Конечно. На работу - я уже опоздал. Как я ее ненавижу. Но надо же мне
было показать...
На углу в белом тумане - кровь - разрез острым ножом - губы.
- Я, кажется, задержала вас. Впрочем, все равно. Теперь вам поздно
уже.
Как я ее - == впрочем, да: поздно уж.
Я молча смотрел на губы. Все женщины - губы, одни губы. Чьи-то
розовые, упруго-круглые: кольцо, нежная ограда от всего мира. И эти: секунду
назад их не было, и только вот сейчас - ножом, - и еще каплет сладкая
кровь.
Ближе - прислонилась ко мне плечом - и мы одно, из нее переливается в
меня - и я знаю, так нужно. Знаю каждым нервом, каждым волосом, каждым до
боли сладким ударом сердца. И такая радость покориться этому "нужно".
Вероятно, куску железа так же радостно покориться неизбежному, точному
закону - и впиться в магнит. Камню, брошенному вверх, секунду поколебаться
- и потом стремглав вниз, наземь. И человеку, после агонии, наконец
вздохнуть последний раз - и умереть.
Помню: я улыбнулся растерянно и ни к чему сказал:
- Туман... Очень.
- Ты любишь туман?
Это древнее, давно забытое "ты", "ты" властелина к рабу - вошло в меня
остро, медленно: да, я раб, и это - тоже нужно, тоже хорошо.
- Да, хорошо... - вслух сказал я себе. И потом ей: - О ненавижу
туман. Я боюсь тумана.
- Значит - любишь. Боишься - потому, что это сильнее тебя,
ненавидишь - потому что боишься, любишь - потому что не можешь покорить
это себе. Ведь только и можно любить непокорное.
Да, это так. И именно потому - именно потому я...
Мы шли двое - одно. Где-то далеко сквозь туман чуть слышно пело
солнце, все наливалось упругим, жемчужным, золотым, розовым, красным. Весь
мир - единая необъятная женщина, и мы - в самом ее чреве, мы еще не
родились, мы радостно зреем. И мне ясно, нерушимо ясно: все - для меня,
солнце, туман, розовое, золотое - для меня...
Я не спрашивал, куда мы шли. Все равно: только бы идти, идти, зреть,
наливаться все упруже - -
- Ну вот... - I остановилась у дверей. - Здесь сегодня дежурит как
раз один... Я о нем говорила тогда, в Древнем Доме.

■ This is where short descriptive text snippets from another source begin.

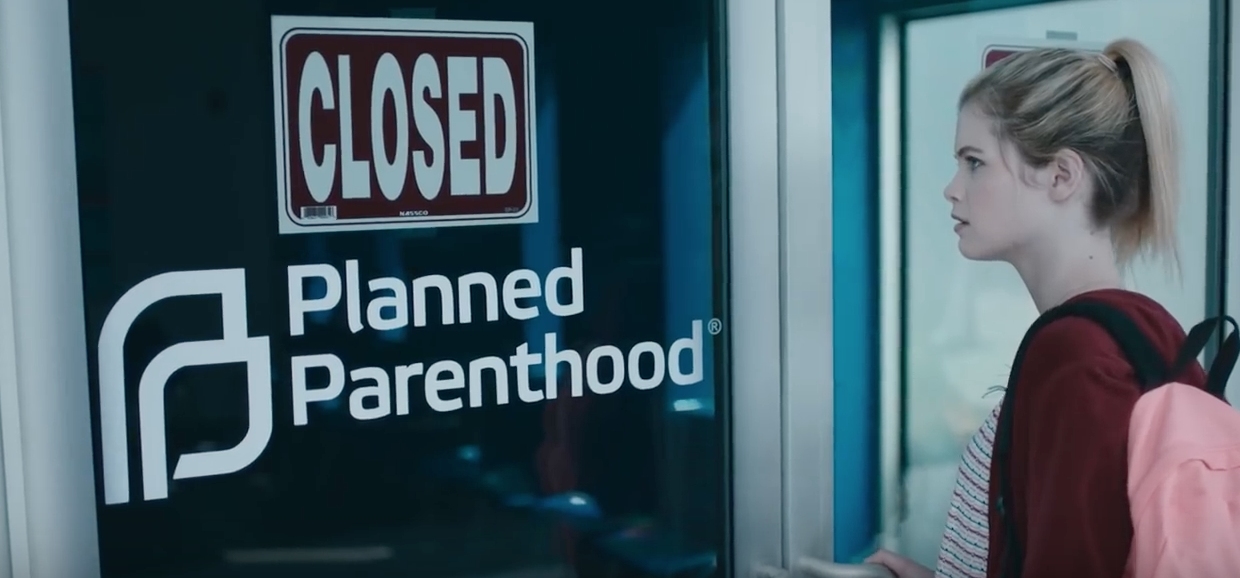 Girl faces closed abortion clinic. (Youtube screenshot/Joss Whedon)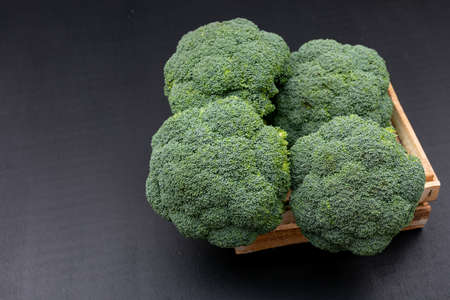 Fresh broccoli in wooden box on black background. green vegetables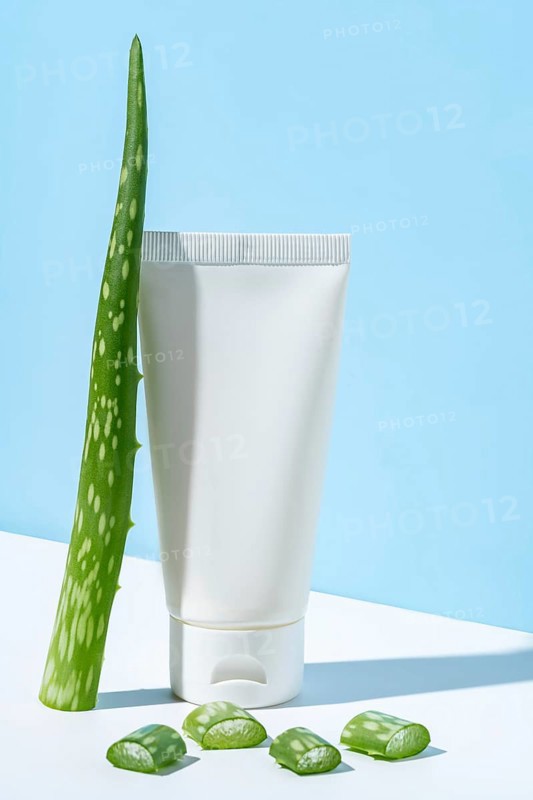 This image portrays a simple and clean representation of beauty and skincare featuring a white tube of aloe vera cream accompanied by a fresh aloe vera leaf and sliced pieces, staged against a soft light blue backdrop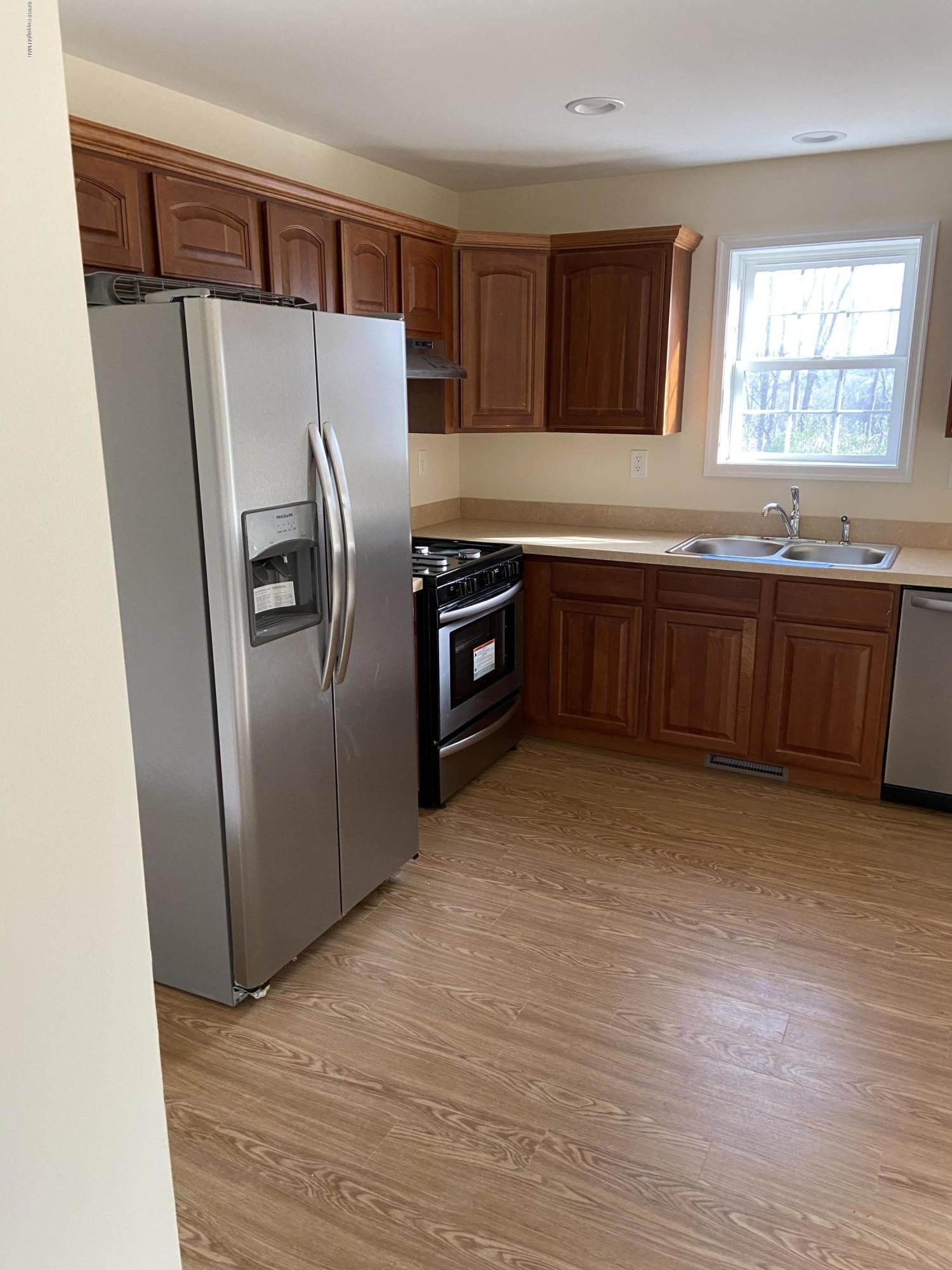 330 Chestnut Road Blakeslee, PA 18610 - Photo 7 of 29 a kitchen with stainless steel appliances granite countertop a refrigerator and a sink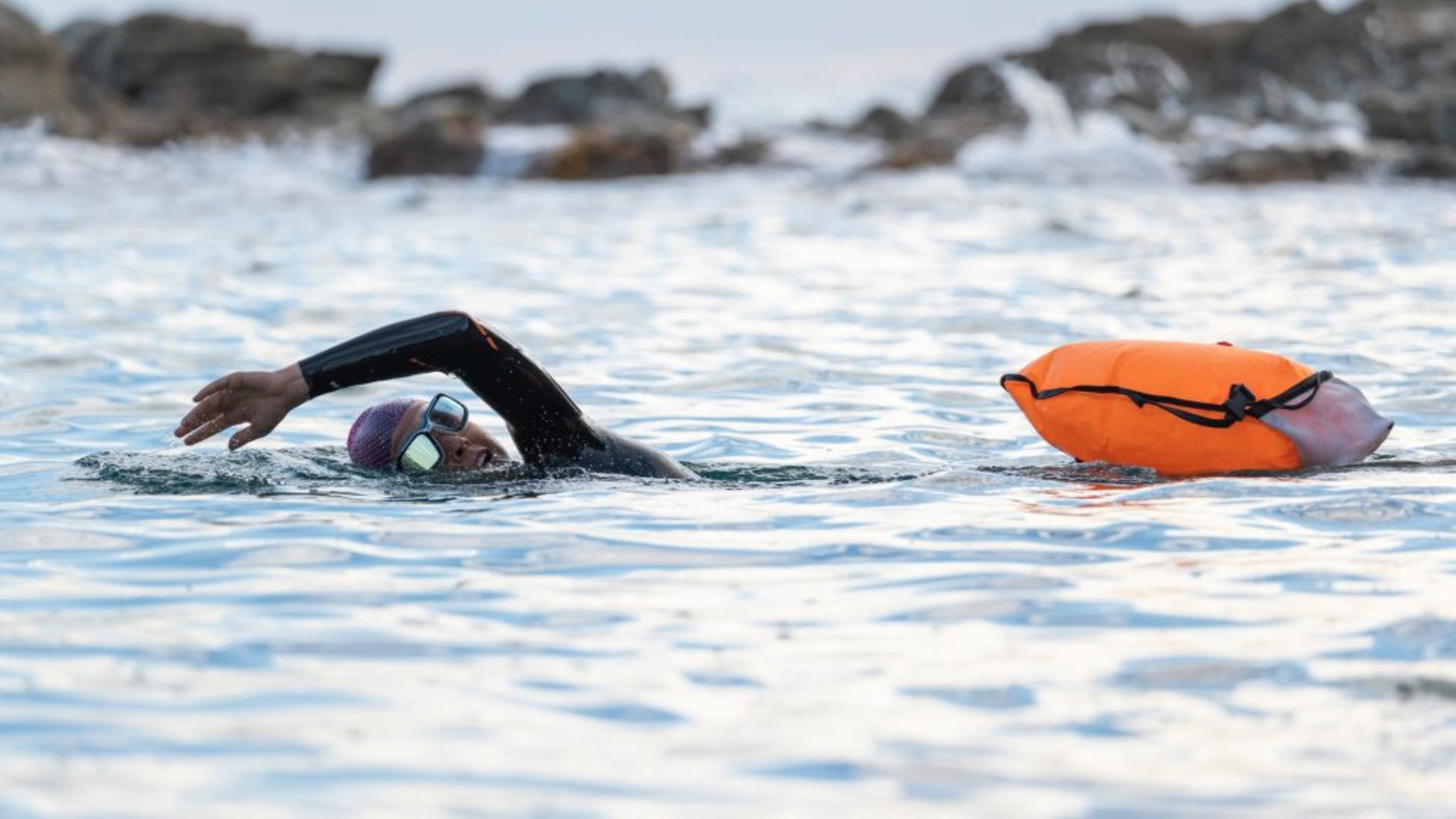 A person in a swimming pool swimming showing Tips for Open Water Swimming Safety.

Я издали, одними глазами, осторожно сберегая зреющее - прочел вывеску:
"Медицинское Бюро". Все понял.
Стеклянная, полная золотого тумана, комната. Стеклянные потолки с
цветными бутылками, банками. Провода. Синеватые искры в трубках.
И человечек - тончайший. Он весь как будто вырезан из бумаги, и как бы
он ни повернулся - все равно у него только профиль, остро отточенный:
сверкающее лезвие - нос, ножницы - губы.
Я не слышал, что ему говорила I: я смотрел, как она говорила, - и
чувствовал: улыбаюсь неудержимо, блаженно. Сверкнули лезвием ножницы-губы, и
врач сказал:
- Так, так. Понимаю. Самая опасная болезнь - опаснее я ничего не
знаю... - засмеялся, тончайшей бумажной рукой быстро написал что-то, отдал
листок 1; написал - отдал мне.
Это были удостоверения, что мы - больны, что мы не можем явиться на
работу. Я крал свою работу у Единого Государства, я - вор, я - под Машиной
Благодетеля. Но это мне - далеко, равнодушно, как в книге... Я взял листок,
не колеблясь ни секунды; я - мои глаза, губы, руки - я знал: так нужно.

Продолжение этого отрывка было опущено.